MATERIAL PROVIDED ▸
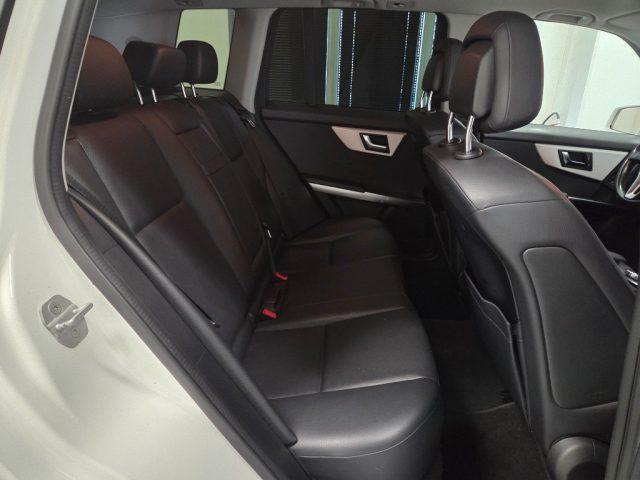 MERCEDES-BENZ GLK 220 4Matic BlueTEC EURO 6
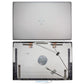 HP Envy 13-BA0003NQ LCD Rear Back Cover Replacement Laptop Top Lid Silver with Cables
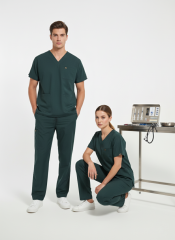 EDY ÇAM SCRUBS XS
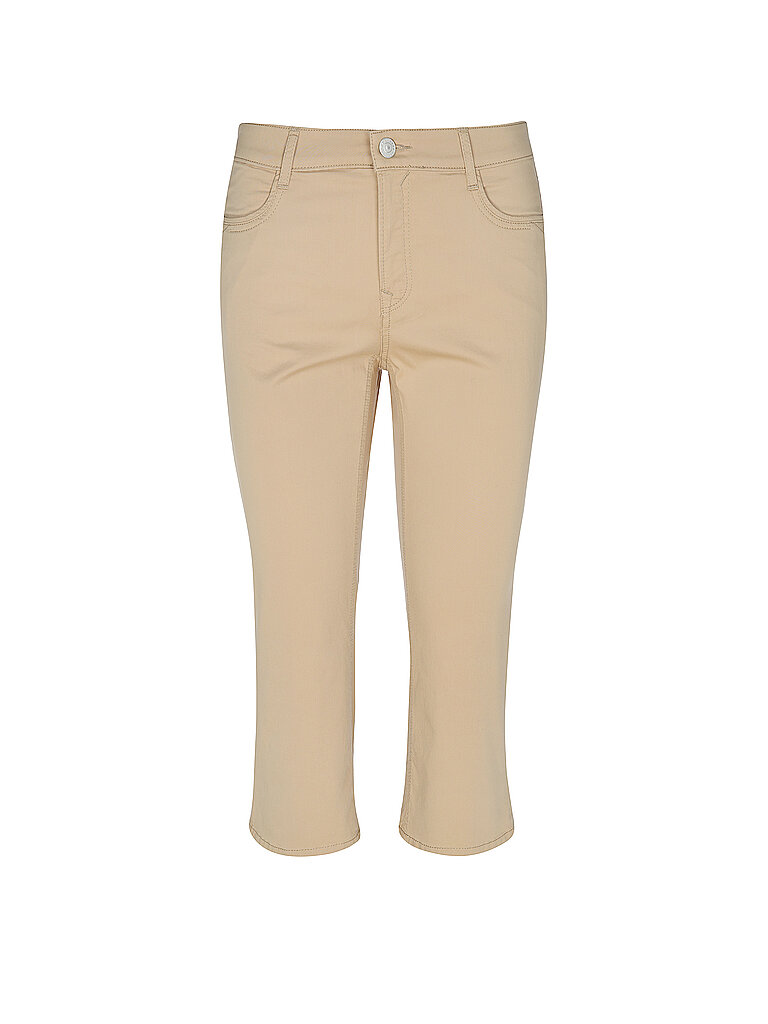 Hose Regular Fit 7/8 MARY C beige 42 (kurz) damen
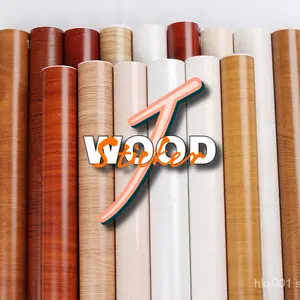 stiker kayu PVC pelapis furinture meja lemari anti air dan minyak wallpaper walpaper wallstiker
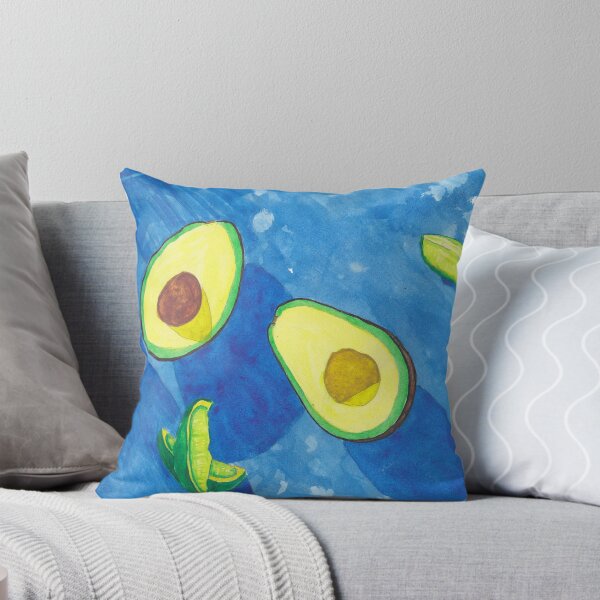 Item preview, Avocado And Lemon designed and sold by Dwayne Hamilton.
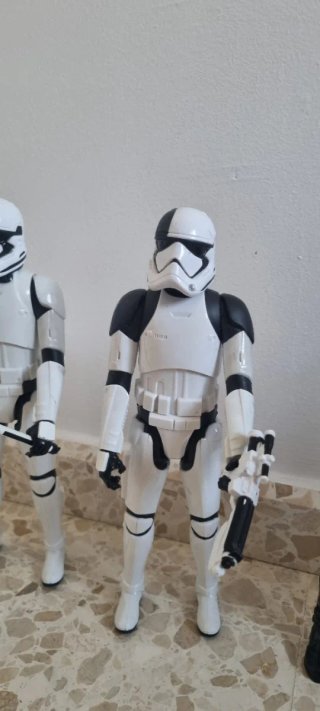 Figuras Star Wars (Set 5)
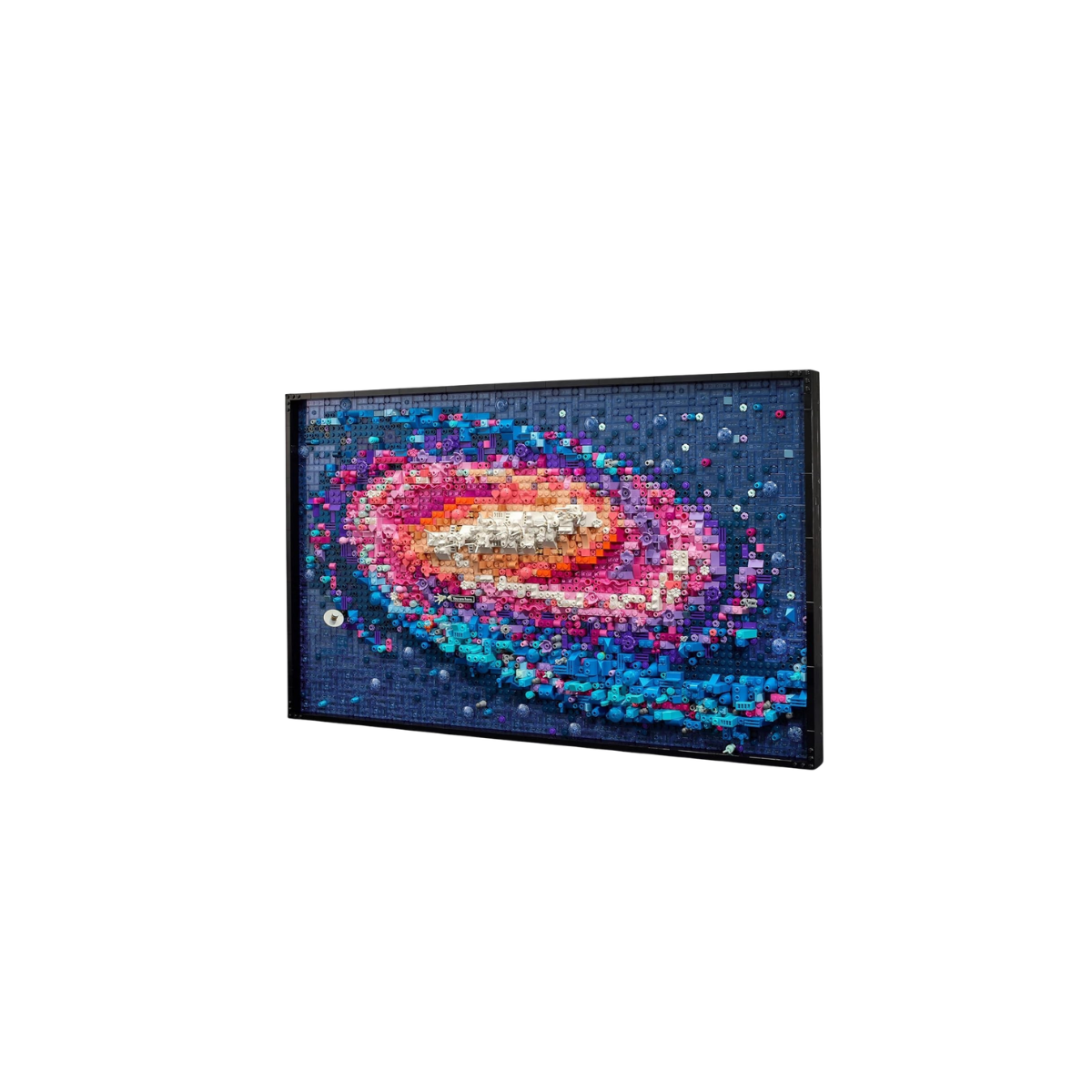 LEGO Milky Way Galaxy Wall Art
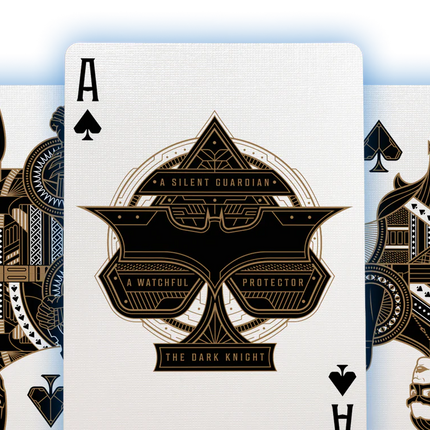 theory 11: Batman Dark Knight Trilogy: Premium Playing Card Deck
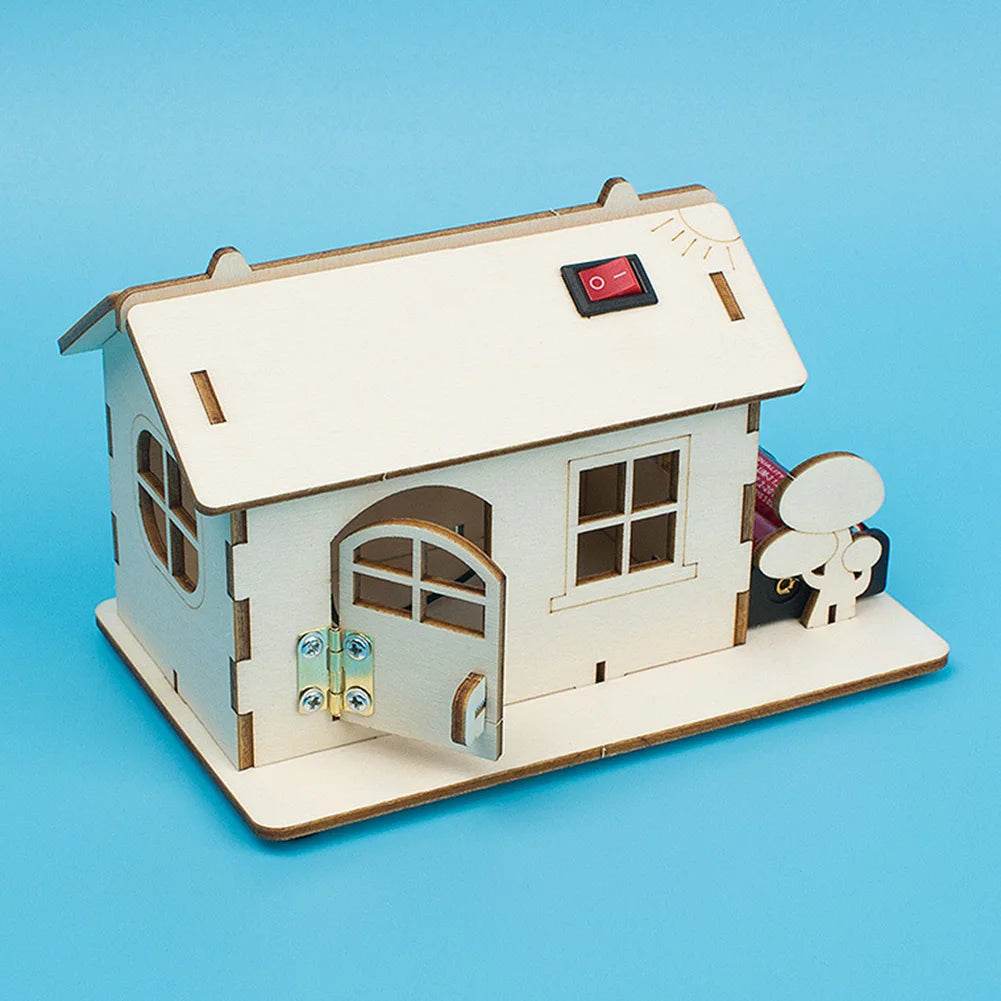 DIY Science Toys Children Educational STEM Projects Kits 3D Assemble Car Boat Model - ToylandEU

TASK REQUIREMENTS ▸ I need the lines from the line holding "LEGO Milky Way Galaxy Wall Art" through the end of the material, inclusive, restated word for word and without pictures.

WRITTEN REPLY ▸
 LEGO Milky Way Galaxy Wall Art
 theory 11: Batman Dark Knight Trilogy: Premium Playing Card Deck
 DIY Science Toys Children Educational STEM Projects Kits 3D Assemble Car Boat Model - ToylandEU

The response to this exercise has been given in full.